-- Instructions for the task --
Every entry should be reproduced precisely, with each picture left out.
Start of Exercise input
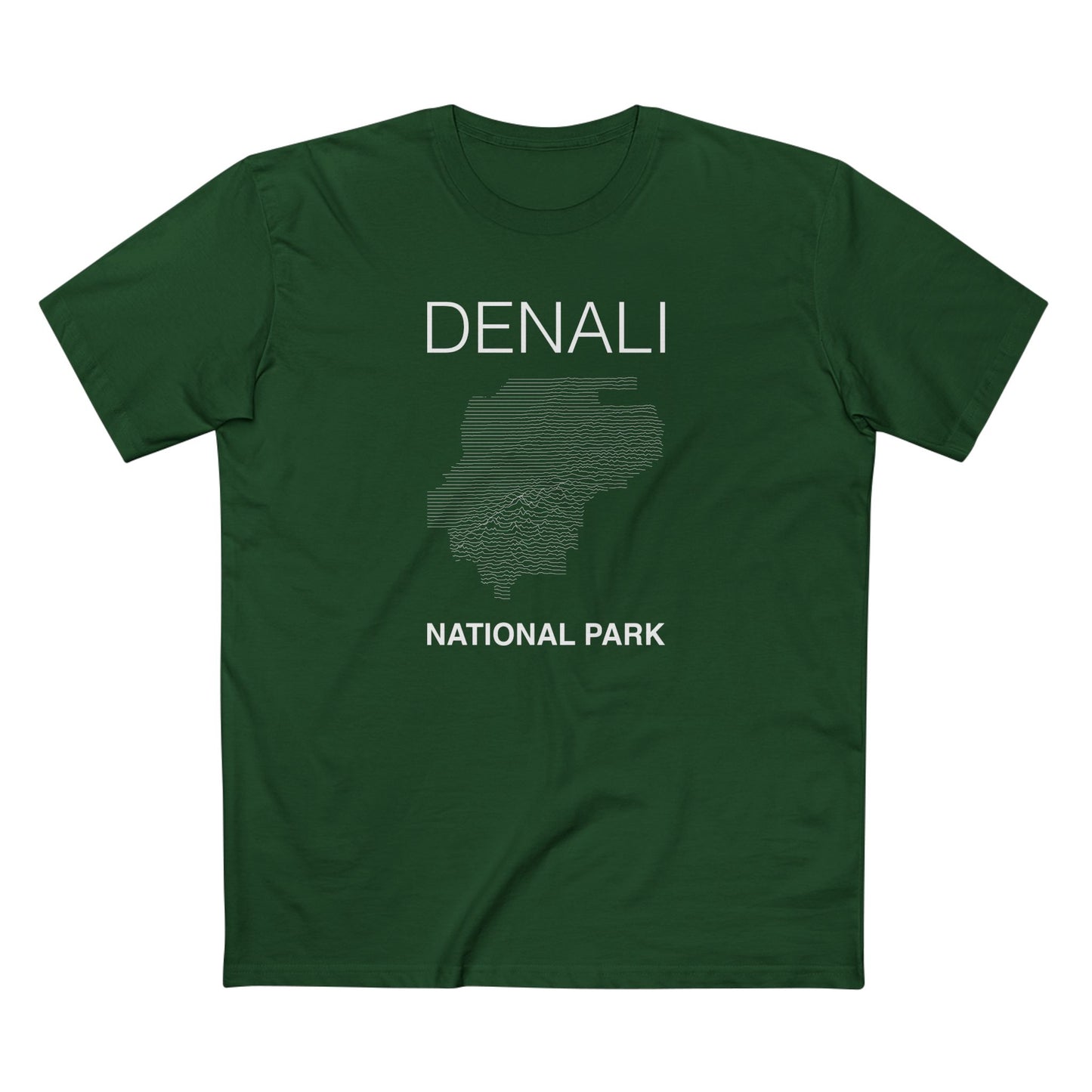 Denali National Park T-Shirt Lines in Forest Green
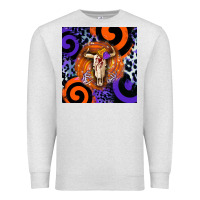 Oatmeal Heather halloween bull skull Premium Sweatshirt - BarkalooDesign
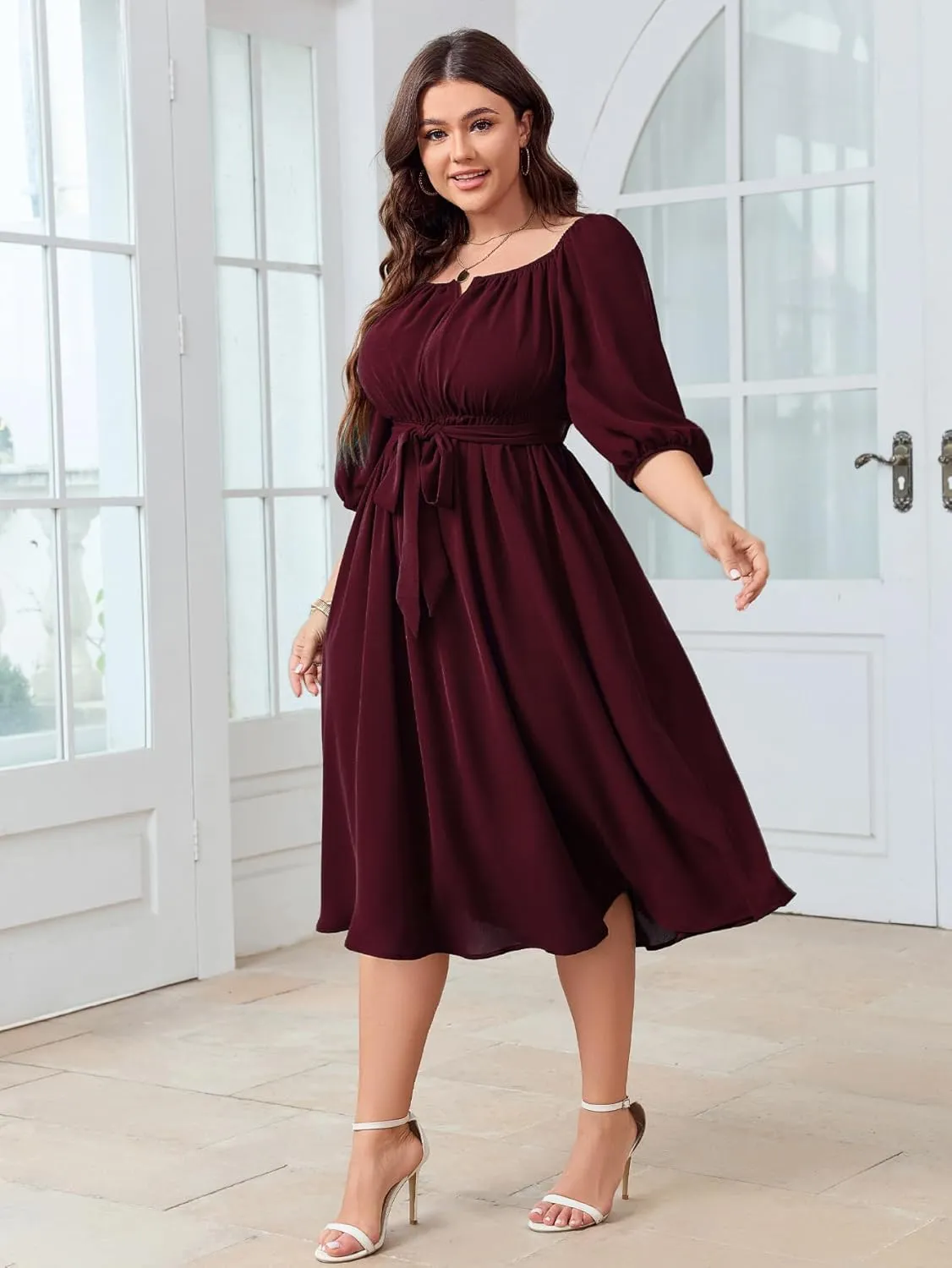 SCOMCHIC Women Plus Size Midi Dresses Puff Short Sleeve Square Neck Wedding Guest Elegant Flowy Belted A Line Dress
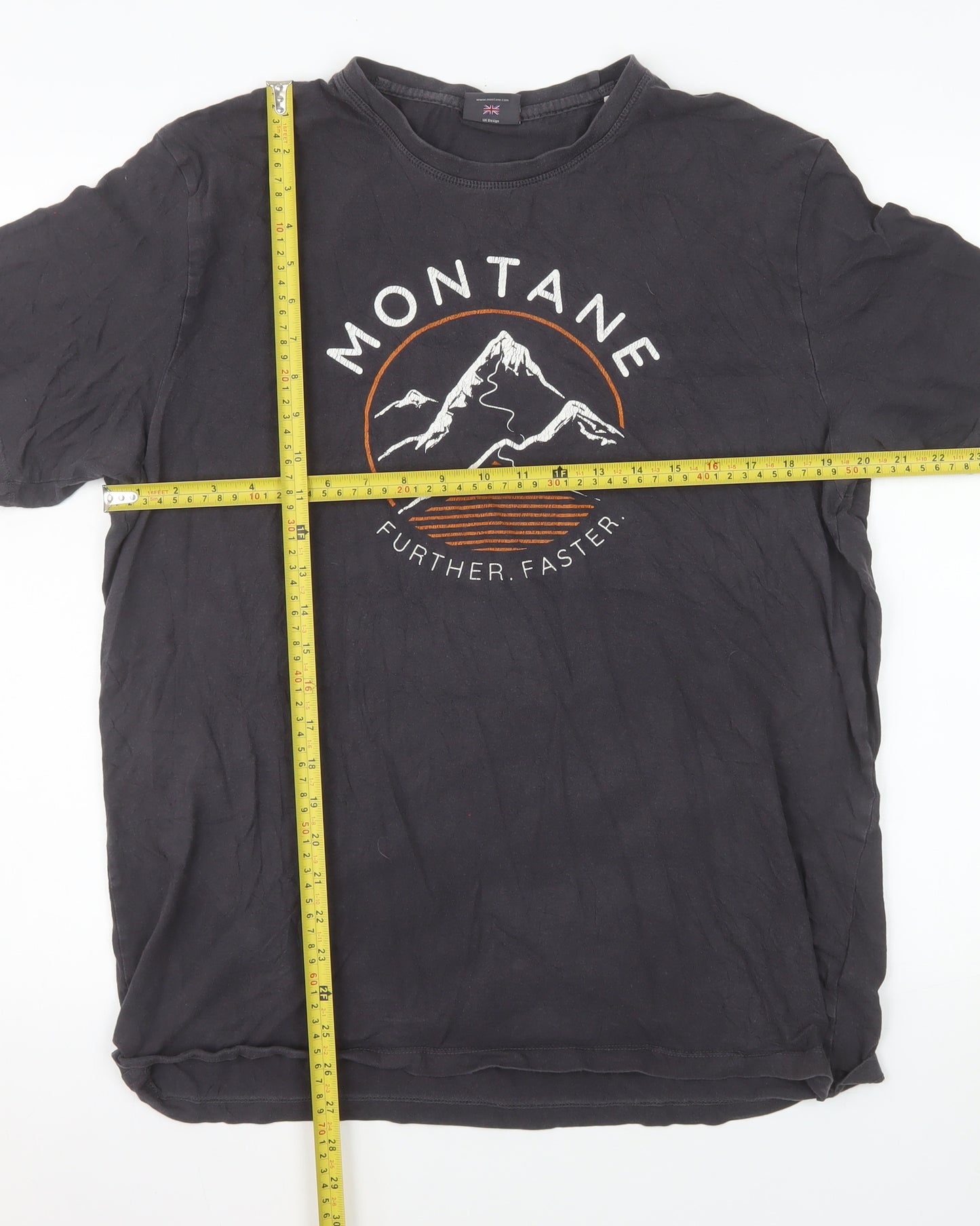 Montane Men’s Black Organic Cotton Graphic T-Shirt XL Outdoor Crew Neck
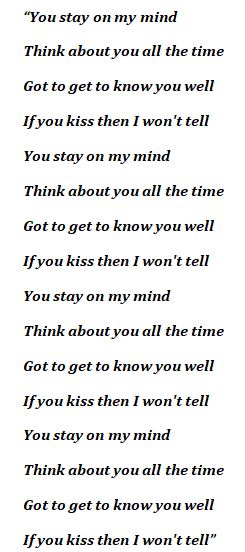 Lyrics for "On My Mind"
End of Exercise input
-- Response to this task --
 Denali National Park T-Shirt Lines in Forest Green
 Oatmeal Heather halloween bull skull Premium Sweatshirt - BarkalooDesign
 SCOMCHIC Women Plus Size Midi Dresses Puff Short Sleeve Square Neck Wedding Guest Elegant Flowy Belted A Line Dress
 Montane Men’s Black Organic Cotton Graphic T-Shirt XL Outdoor Crew Neck
 Lyrics for "On My Mind"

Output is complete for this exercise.